Transcribe exactly the line with "Young smart man very scared and afraid Young" and each line that follows it in the listing, down to the last, omitting all pictures.

------ Data for processing ------

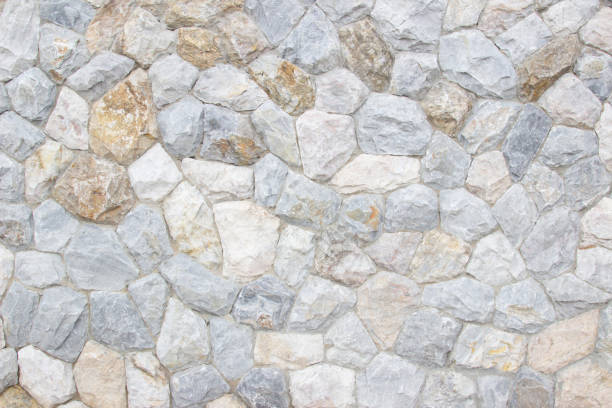 istock Brick stone wall stack of medieval natural stone texture background or rock strata boundary the rock seamless abstract and fragment of a walls from a gray. 1167302846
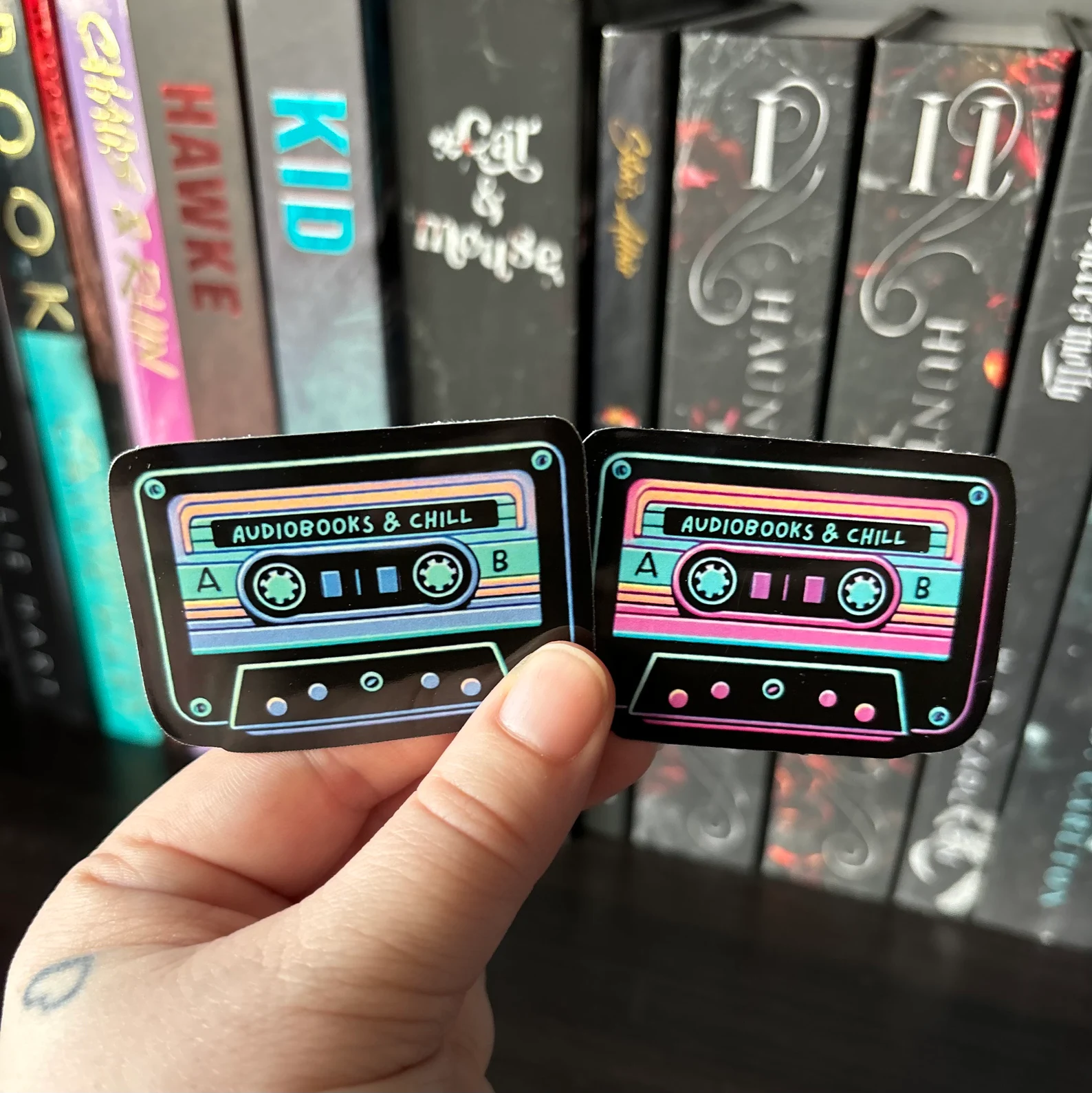 two stickers that look like black cassette tapes and read "audiobooks and chill."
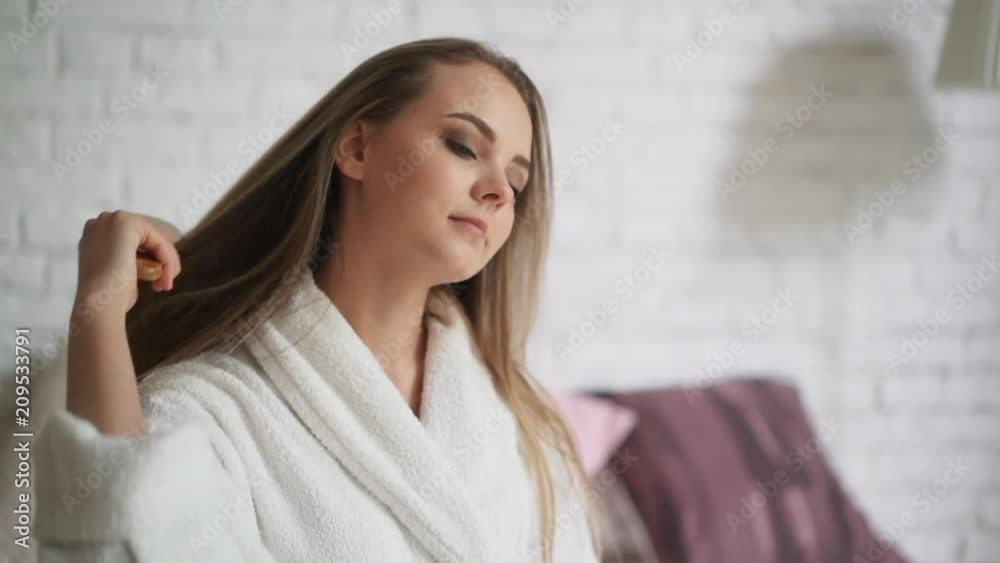 Beautiful woman with long hair angry about loosing it after brushing Beautiful woman with long hair angry about loosing it after brushing
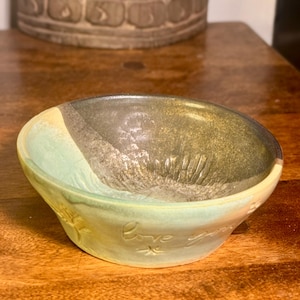 Puede incluir: Un cuenco de cerámica hecho a mano con un degradado de color único. El cuenco pasa de un verde pálido a un gris-marrón oscuro, con un borde amarillo. Las palabras "Love you" están inscritas en el lateral. El cuenco está sobre una superficie de madera.
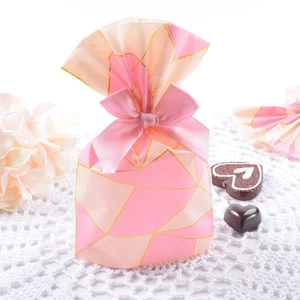 Pink and beige plaid cookie gift bags with ribbon bow on white lace mat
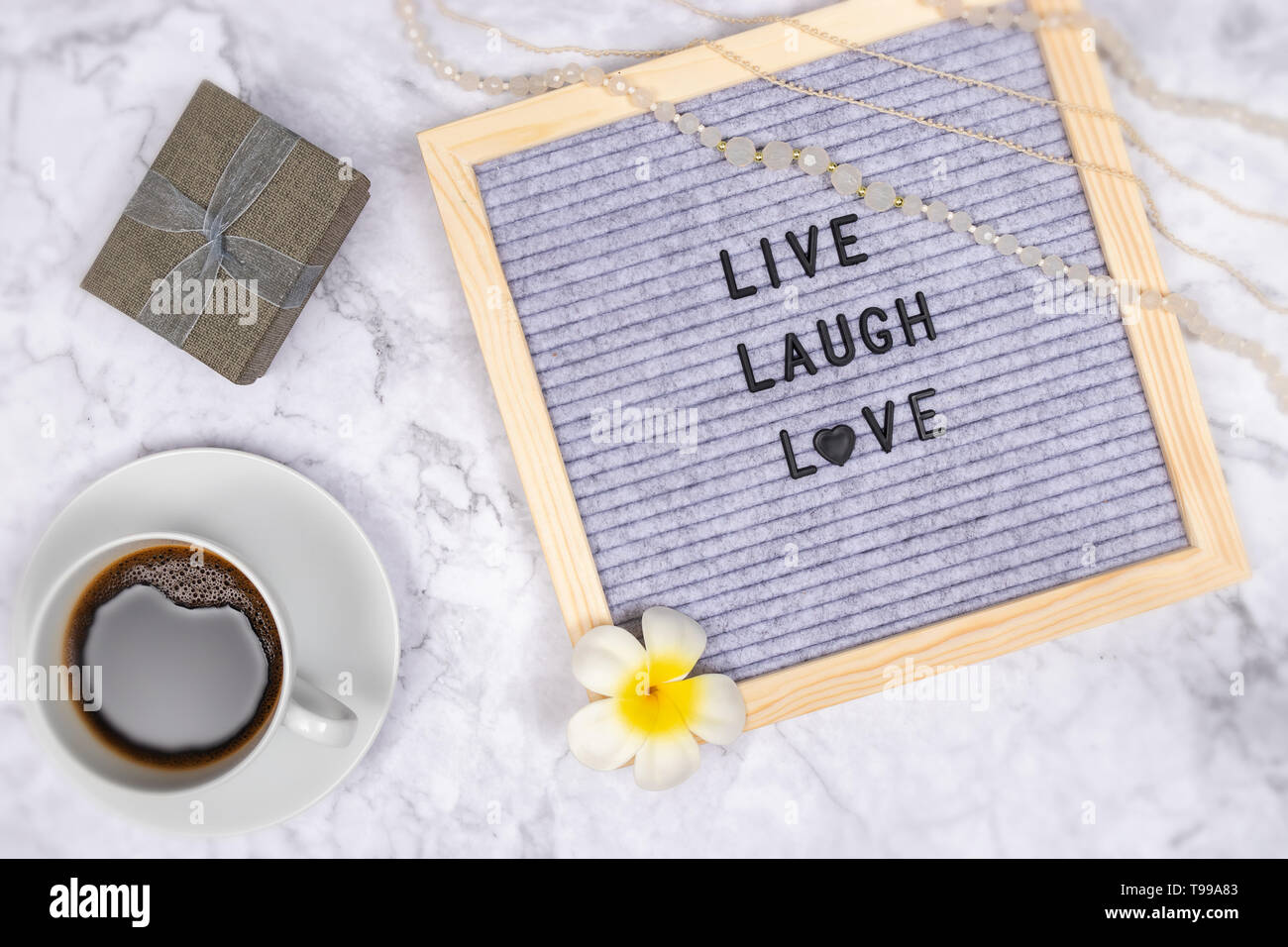 word live laugh love on letter board on white marble desk background with coffee cup and gift box , decoration with flower and luxury pink necklace Stock Photo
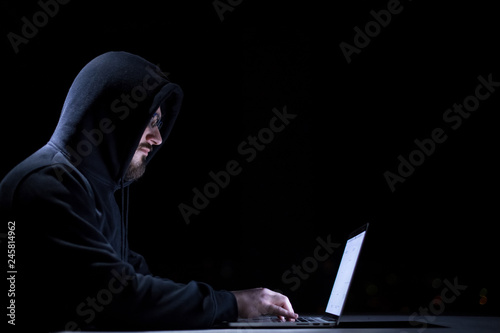hacker using laptop computer while working in dark office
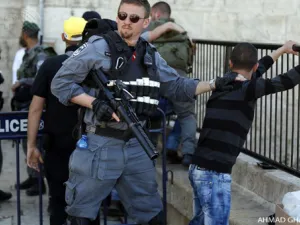 Israeli forces stop and search a Palestinian boy at the entrance of Damascus Gate, outside Jerusalem's Old City. ( AFP / Ahmad Gharabli)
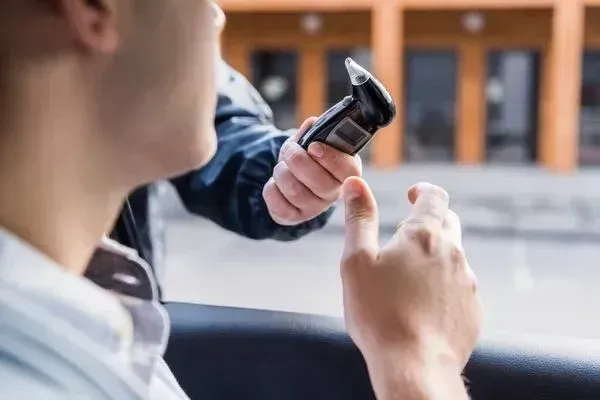 A man is holding a cell phone in his hand while sitting in a car.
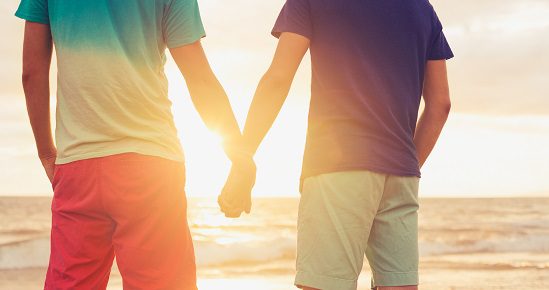 men holding hands at sunset 550x290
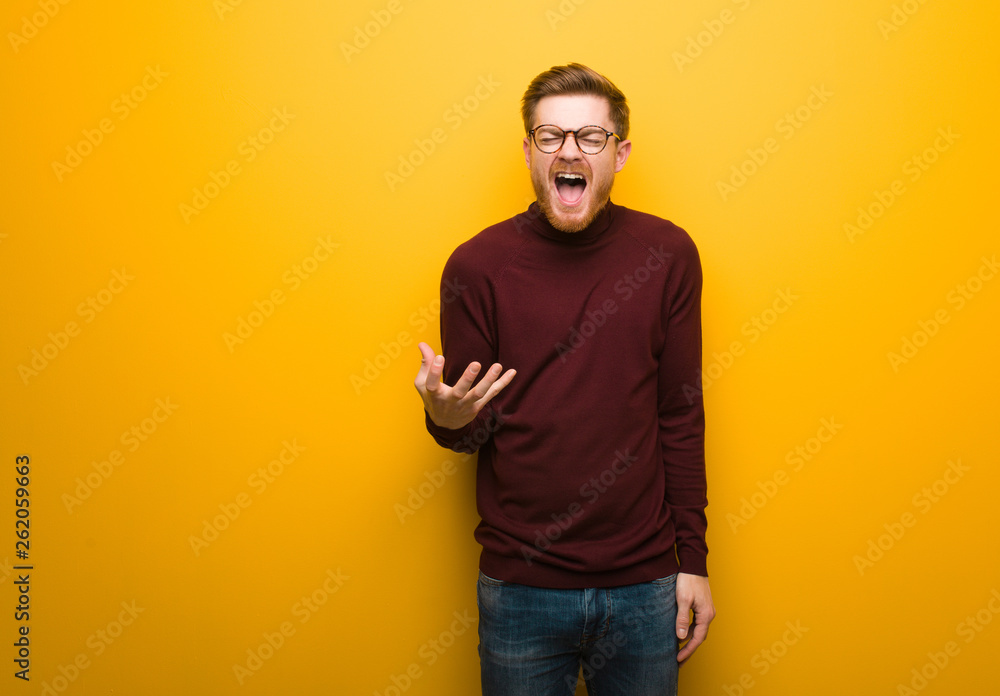 Young smart man very scared and afraid Young smart man very scared and afraid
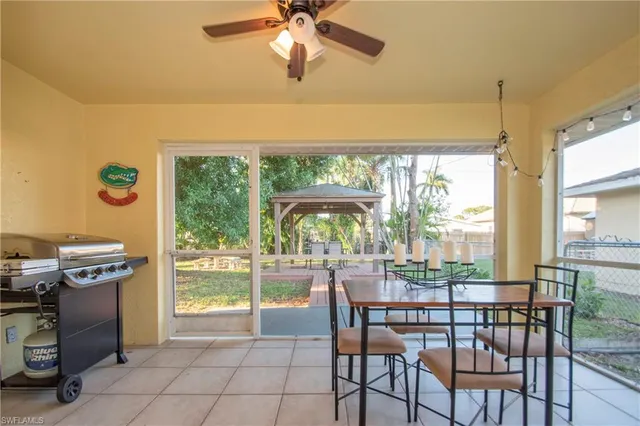 a dining room with furniture and a floor to ceiling window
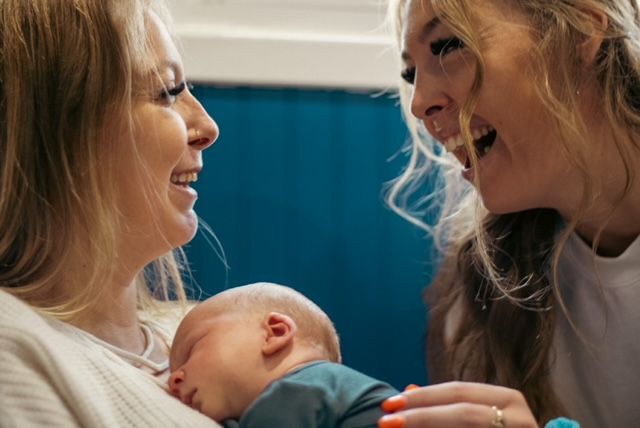 Mom, Auntie, and Newborn.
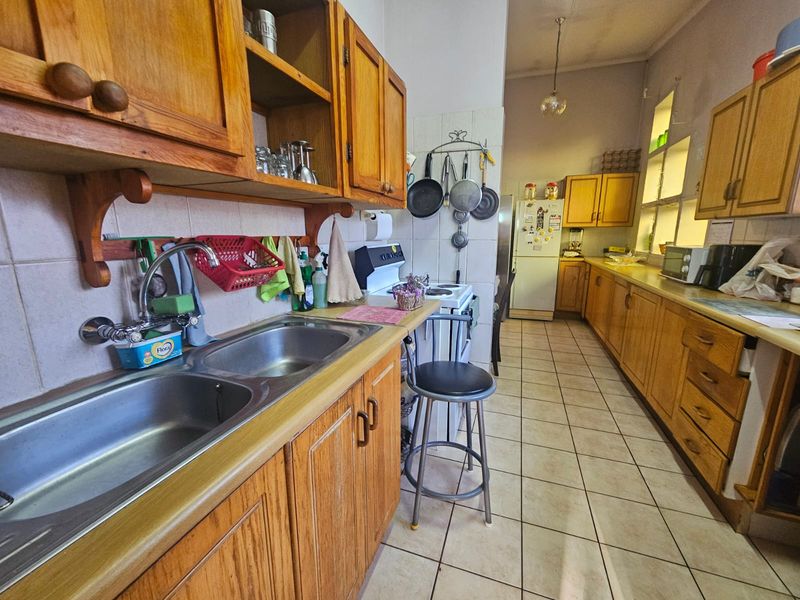 A functional kitchen featuring extensive wooden cabinetry, a double stainless steel sink, tiled flooring, and a freestanding stove with a tiled backsplash.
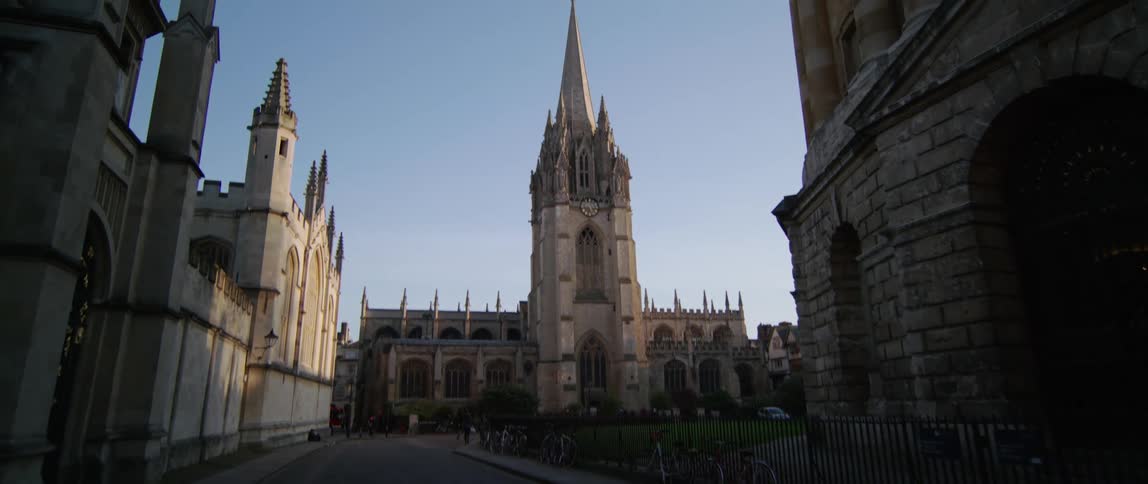 A bird flying in front of a large cathedral with multiple buildings on a sunny day in Oxford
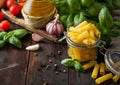 Glass jar of fresh raw penne pasta with oil and garlic, basil plant and tomatoes on wooden background Royalty Free Stock Photo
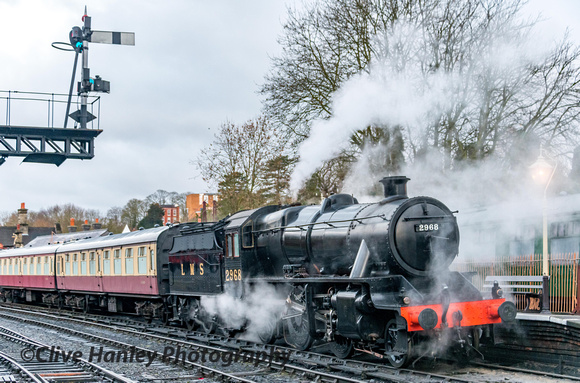 Newly outshopped in plain black livery Stanier mogul no (4)2968 awaits departure with the 9.10 to Kidderminster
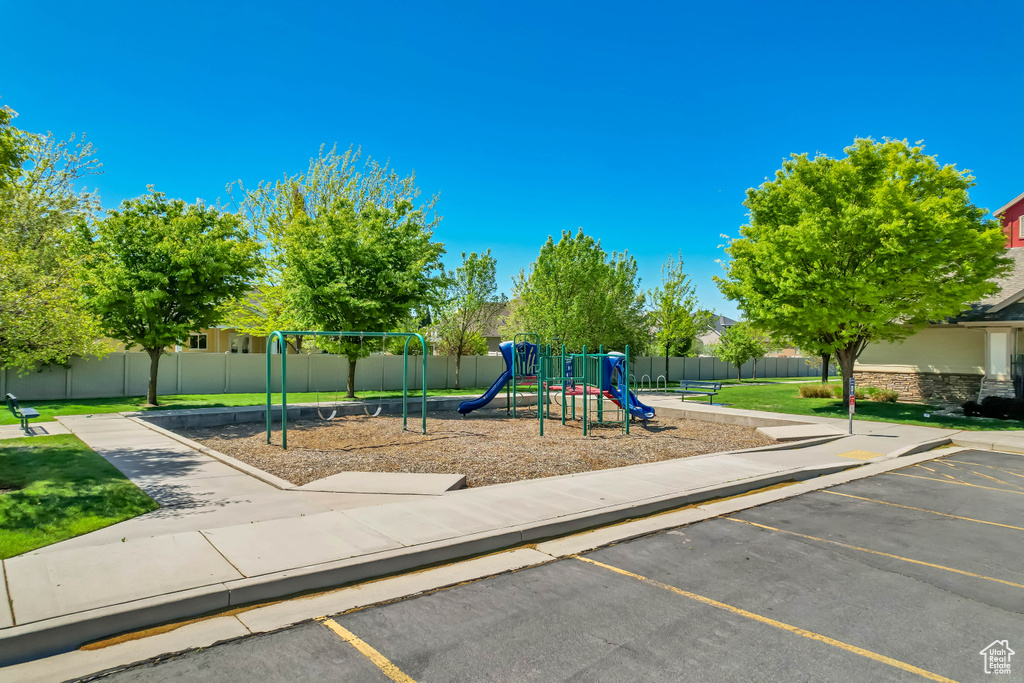 Community playground with a lawn and fence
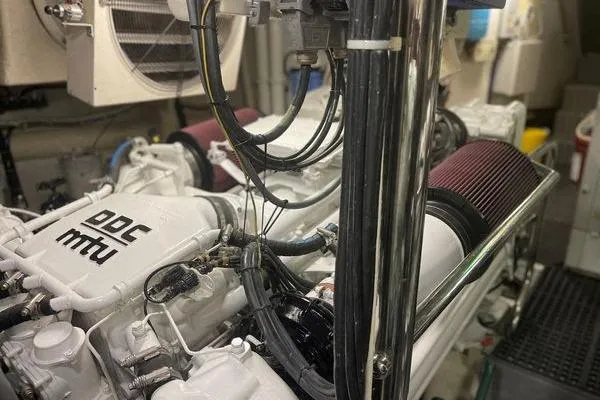 The Cure Yacht Photos Pics Engine room of 2003 Azimut 80 Carat yacht featuring MTU engines.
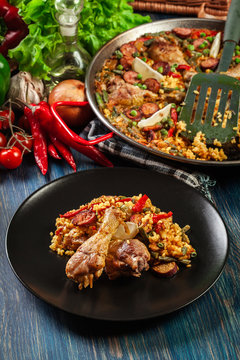 Traditional paella with chicken legs, sausage chorizo and vegeta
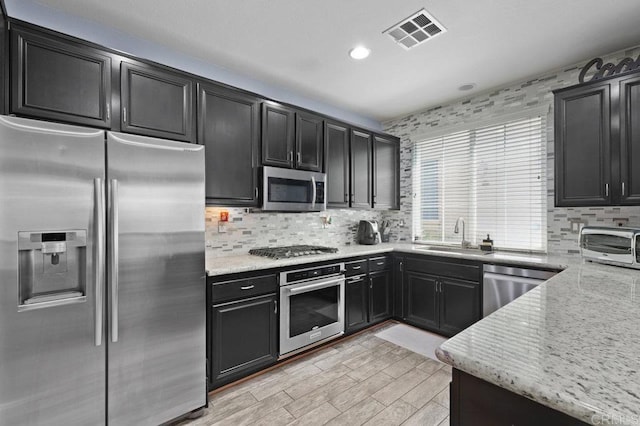 2128 Cantata # 38, Chula Vista, CA 91914 - kitchen with stainless steel appliances, dark cabinets, tasteful backsplash, and recessed lighting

------

Response below
 Young smart man very scared and afraid Young smart man very scared and afraid
 a dining room with furniture and a floor to ceiling window
 Mom, Auntie, and Newborn.
 A functional kitchen featuring extensive wooden cabinetry, a double stainless steel sink, tiled flooring, and a freestanding stove with a tiled backsplash.
 A bird flying in front of a large cathedral with multiple buildings on a sunny day in Oxford
 Glass jar of fresh raw penne pasta with oil and garlic, basil plant and tomatoes on wooden background Royalty Free Stock Photo
 Newly outshopped in plain black livery Stanier mogul no (4)2968 awaits departure with the 9.10 to Kidderminster
 Community playground with a lawn and fence
 The Cure Yacht Photos Pics Engine room of 2003 Azimut 80 Carat yacht featuring MTU engines.
 Traditional paella with chicken legs, sausage chorizo and vegeta
 2128 Cantata # 38, Chula Vista, CA 91914 - kitchen with stainless steel appliances, dark cabinets, tasteful backsplash, and recessed lighting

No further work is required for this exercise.